I'm trying to convert the data from a large number of PDF files to data frames in R. I've been converting the PDF files to .txt files using read.fwf(), but the issue is that the widths of all .txt files are not the same. Is there a way to determine the widths of the columns, or is there a way to use a function other than read.fwf()?
I have a large number of files to convert and they all have different formats to begin with, so finding the specific column widths for each file is getting very tedious. Is there a more efficient way to convert data from PDF files to data frames in R?
Here's one possible solution using Regular Expressions. You use the readPDF
function from the tm
package to convert the PDF files to text, giving you each row as a text string. Then you use Regular Expressions to partition the data into the appropriate column fields for conversion to a data frame.
I've packaged this into a function so that you can read and parse all the PDF files and combine them into a single data frame in one operation. If your other files have formatting idiosyncrasies not present in the file you posted, then you'll need to do some tweaking to make it work properly.
The code also checks for some simple data format issues and saves "bad" rows in a separate text file for later inspection and processing. Once again, you might need to tweak this if your other files have different formatting variations.
# Use text-mining package to extract text from PDF files
library(tm)
# Function to read a PDF file and turn it into a data frame
PDFtoDF = function(file) {
## Extract PDF text. Each line of PDF becomes one element of the string vector dat.
dat = readPDF(control=list(text="-layout"))(elem=list(uri=file),
language="en", id="id1")
dat = c(as.character(dat))
## Keep only those strings that contain the data we want.
## These are the ones that begin with a number.
dat = dat[grep("^ {0,2}[0-9]{1,3}", dat)]
## Create separators so we can turn strings into a data frame. We'll use the
## pipe "|" as a separator.
# Add pipe after first number (the row number in the PDF file)
dat = gsub("^ ?([0-9]{1,3}) ?", "\\1|", dat)
# Replace each instance of 2 or more spaces in a row with a pipe separator. This
# works because the company names have a single space between words, while data
# fields generally have more than one space between them.

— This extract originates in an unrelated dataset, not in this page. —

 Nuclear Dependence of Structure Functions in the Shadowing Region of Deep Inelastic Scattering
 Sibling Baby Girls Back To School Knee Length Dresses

# (We just need to first add an extra space in a few cases where there's only one
# space between two data fields.)
dat = gsub("(, HVOL )","\\1 ", dat)
dat = gsub(" {2,100}", "|", dat)
## Check for data format problems
# Identify rows without the right number of fields (there should
# be six pipe characters per row) and save them to a file for
# later inspection and processing (in this case row 11 of the PDF file is excluded))
excludeRows = lapply(gregexpr("\\|", dat), function(x) length(x)) != 6
write(dat[excludeRows], "rowsToCheck.txt", append=TRUE)
# Remove the excluded rows from the string vector
dat = dat[!excludeRows]
## Convert string vector to data frame
dat = read.table(text=dat, sep="|", quote="", stringsAsFactors=FALSE)
names(dat) = c("RowNum", "Reference Entity", "Sub-Index", "CLIP",
"Reference Obligation", "CUSIP/ISIN", "Weighting")
return(dat)
}
# Create vector of names of files to read
files = list.files(pattern="CDX.*\\.pdf")
# Read each file, convert it to a data frame, then rbind into single data frame
df = do.call("rbind", lapply(files, PDFtoDF))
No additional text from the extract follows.